Learn what an IBAN number is, how it works, its structure, which countries use IBANs, and how to find, validate, and verify your IBAN for international payments.

Edge Team

Edge Team

Every year, over $150 trillion flows across international borders. Behind nearly every one of those transactions is a simple string of letters and numbers that makes it all possible: the IBAN. If you have ever sent money internationally, received a payment from abroad, or set up a business that operates across borders, you have encountered an IBAN — or you will soon.

This guide covers everything you need to know about IBAN numbers: what they are, how they work, how to find yours, and why they matter for global payments.

What Does IBAN Stand For?

IBAN stands for International Bank Account Number. It is a standardized format (defined by ISO 13616) used to identify bank accounts across national borders. The system was developed to reduce errors in international payments and make cross-border transfers faster, cheaper, and more reliable.

Before IBANs existed, international payments relied on a patchwork of country-specific account number formats. A German bank account number looked nothing like a British one, and neither looked anything like an account number in Bahrain.

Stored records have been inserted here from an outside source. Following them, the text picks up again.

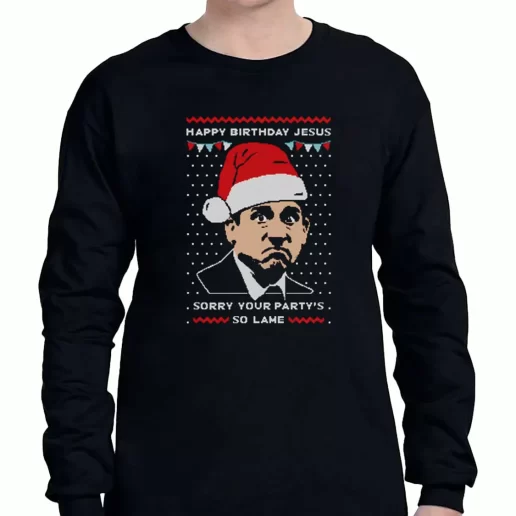 Graphic Long Sleeve T Shirt Michael Scott The Office Christmas Xmas Clothing Sale 1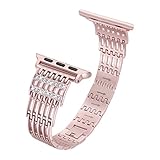 Secbolt Bling Bands for Apple Watch Band 38mm 42mm Stainless Steel Metal Replacement Wristband Sport Strap for Apple watch Nike+, Series 3, Series 2, Series 1, Sport, Edition, 4 Colors Available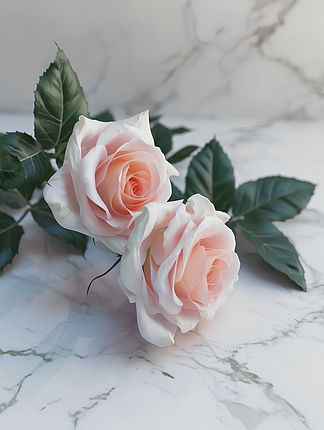 情人节玫瑰花优雅摆放:玫瑰色玻璃瓶以白色墙壁为背景,干净的阳光透过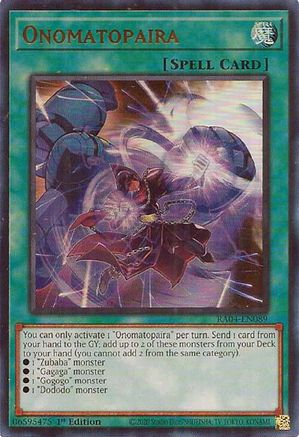 Onomatopaira (UR) (RA04-EN089) - Quarter Century Stampede 1st Edition - Premium Yugioh Single from Konami - Just $0.25! Shop now at Game Crave Tournament Store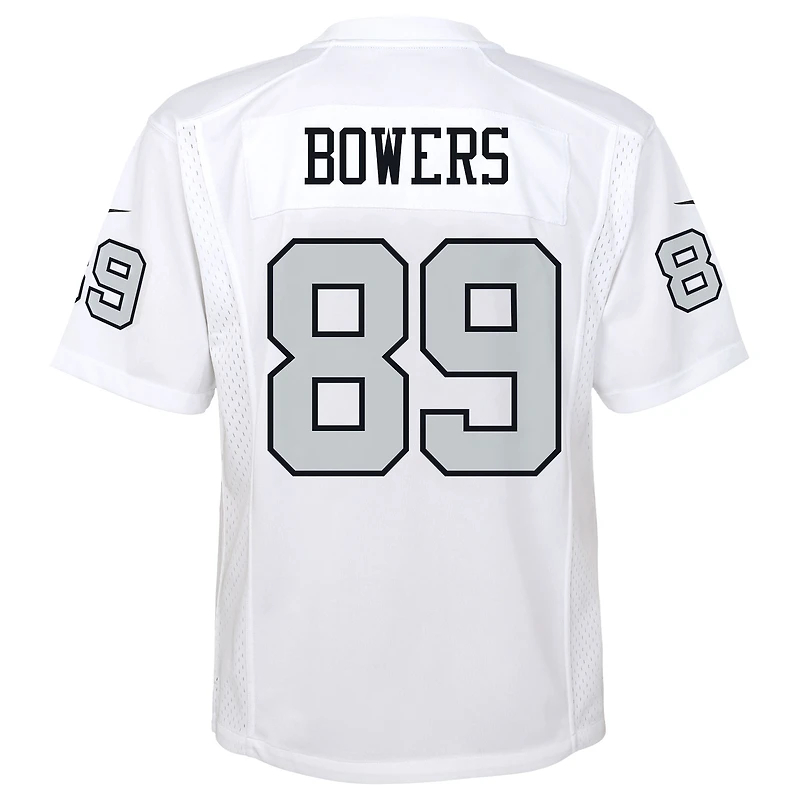 Maillot Nike Brock Bowers blanc pour jeunes des Las Vegas Raiders, match alternatif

Routing errors were common, payments bounced, and processing took days — sometimes weeks.

The IBAN solved this by creating a universal wrapper around domestic account numbers, adding standardized country identification and built-in error detection.

IBAN Structure: How It Works

Every IBAN follows the same structure, regardless of which country it comes from. The total length varies by country (from 15 characters for Norway to 34 for Malta and Saint Lucia), but the format is always:

GB29 NWBK 6016 1331 9268 19
││   │
││   └── BBAN (Basic Bank Account Number) — country-specific
│└────── Check digits (2 numeric digits)
└─────── Country code (2 letters, ISO 3166-1)

1. Country Code (First 2 Characters)

The first two characters are the ISO 3166-1 alpha-2 country code. This tells the receiving bank which country the account is in and what format to expect for the rest of the number.

Common examples:

  • DE — Germany
  • GB — United Kingdom
  • FR — France
  • SA — Saudi Arabia
  • AE — United Arab Emirates
  • NL — Netherlands
  • ES — Spain
  • IT — Italy
  • BH — Bahrain

2. Check Digits (Characters 3–4)

The next two characters are numeric check digits, calculated using the MOD-97 algorithm. These are the IBAN's built-in error detection system. If someone mistypes even a single character anywhere in the IBAN, the check digits will catch it.

The MOD-97 algorithm detects:

  • 99.99% of single-character errors (typos)
  • 100% of transposition errors (swapping two adjacent characters)
  • Most other common transcription errors

This is why banks and payment processors validate IBANs before sending payments — the check digits make it mathematically possible to catch mistakes before money is sent to the wrong account.

3. BBAN — Basic Bank Account Number (Remaining Characters)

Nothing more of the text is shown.